Task directions
Go to the line containing "Polo Ralph Lauren" below; retype it and all following lines exactly, and leave out the pictures.

*** Opening of Recorded information ***

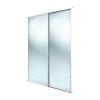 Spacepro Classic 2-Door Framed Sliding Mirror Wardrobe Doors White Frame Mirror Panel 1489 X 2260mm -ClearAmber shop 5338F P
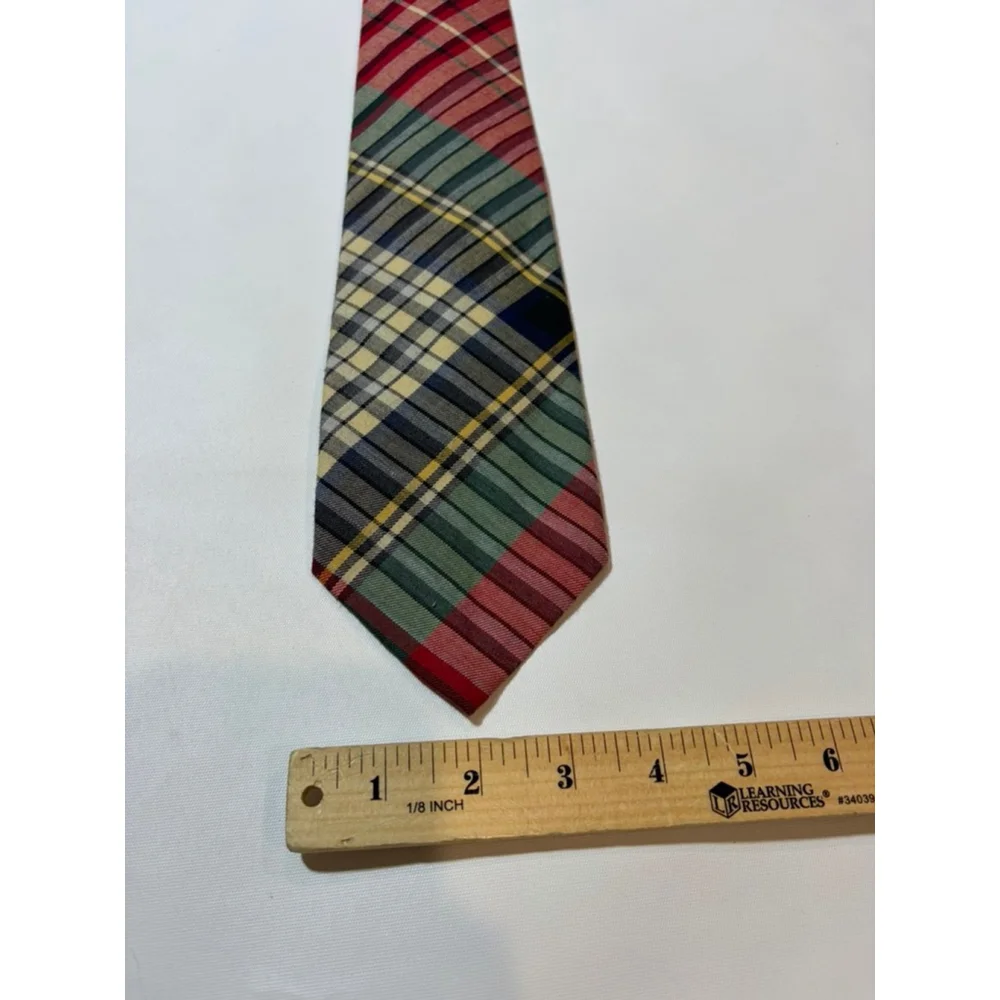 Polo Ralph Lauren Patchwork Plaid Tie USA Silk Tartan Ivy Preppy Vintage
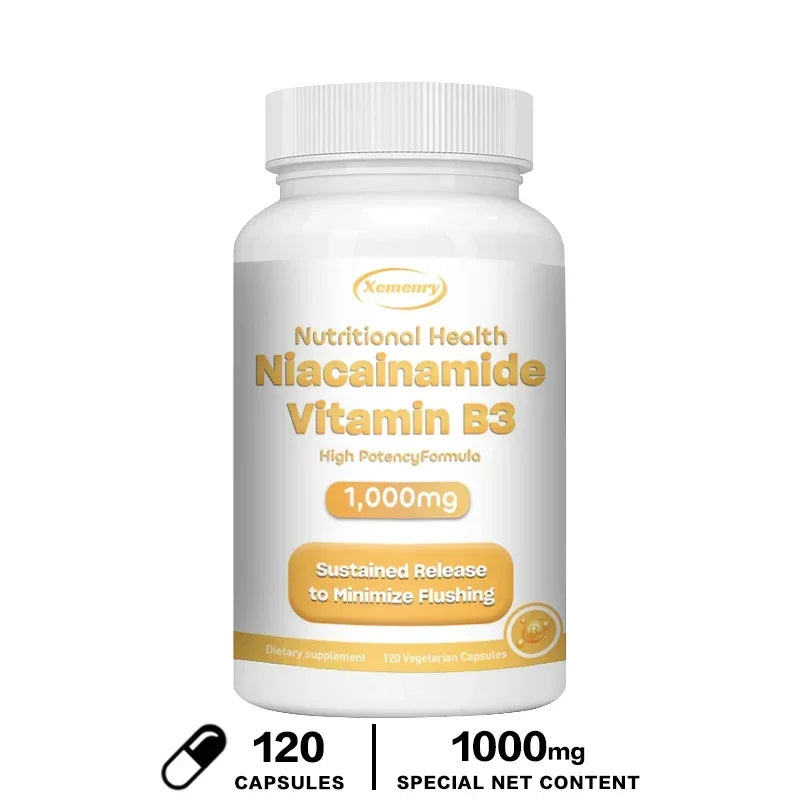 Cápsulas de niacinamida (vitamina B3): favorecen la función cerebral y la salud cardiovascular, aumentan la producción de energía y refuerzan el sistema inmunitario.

*** Close of Recorded information ***

Answer to this task
 Polo Ralph Lauren Patchwork Plaid Tie USA Silk Tartan Ivy Preppy Vintage
 Cápsulas de niacinamida (vitamina B3): favorecen la función cerebral y la salud cardiovascular, aumentan la producción de energía y refuerzan el sistema inmunitario.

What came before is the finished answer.